How Infold Games fashioned an open world for Infinity Nikki

Promotional key art for Infinity Nikki featuring the game’s main character in a red and white archer’s outfit, holding a bow, standing on a wooden bridge beside her small white cat companion. A vibrant fantasy village with waterfalls, colorful banners, and layered cliffside buildings stretches out in the background.

Infinity Nikki is a literally glowing example of what video game graphics can be.

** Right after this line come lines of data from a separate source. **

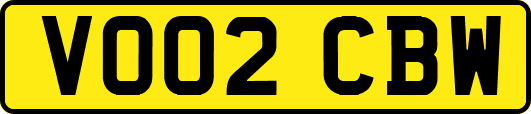 VO02CBW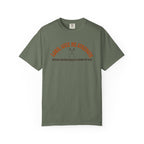 Give me Strength T-Shirt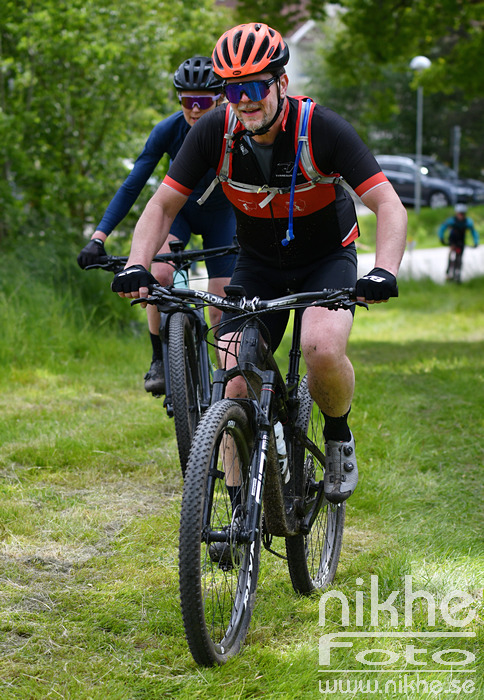 MTB25_6546.jpg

The fifth in a series of dress-up titles from Infold Games, Infinity Nikki is also the first to embrace elements of RPG action-adventure. But instead of tracking down weapons and battling bad guys, this installment finds its wide-eyed heroine solving puzzles by collecting enchanted outfits found throughout a series of wondrous lands.


Infinity Nikki

  • Available on: iPhone, iPad
  • Based in: Singapore
  • Awards: Apple Design Award winner for Visuals and Graphics (2025), App Store Awards Game of the Year finalist (2025), App Store Editors’ Choice

Download Infinity Nikki from the App Store >


The fashion-forward gameplay still remains, of course. Nikki’s dress sways and waves every step of the way, while capes sparkle and drift in the wind. Different outfits are imbued with different abilities that allow players to guide Nikki — and her cat companion, Momo — through clever puzzles. And from quaint cobblestone towns to distant mountains, every corner of the game’s Miraland — brought to life with cutting-edge visuals — is awash in beautifully realized lighting and effects from advanced shading techniques like Global Illumination. (Executive producer Kentaro Tominaga previously worked on several installments of the Legend of Zelda series.)

It’s a wonderland of texture, light, and animation — and the 2025 Apple Design Award winner for Visuals and Graphics. To find out more, we caught up with Douhu, Infinity Nikki’s lead gameplay systems designer for outfits; Ade, lead programmer; and Dodie, art director.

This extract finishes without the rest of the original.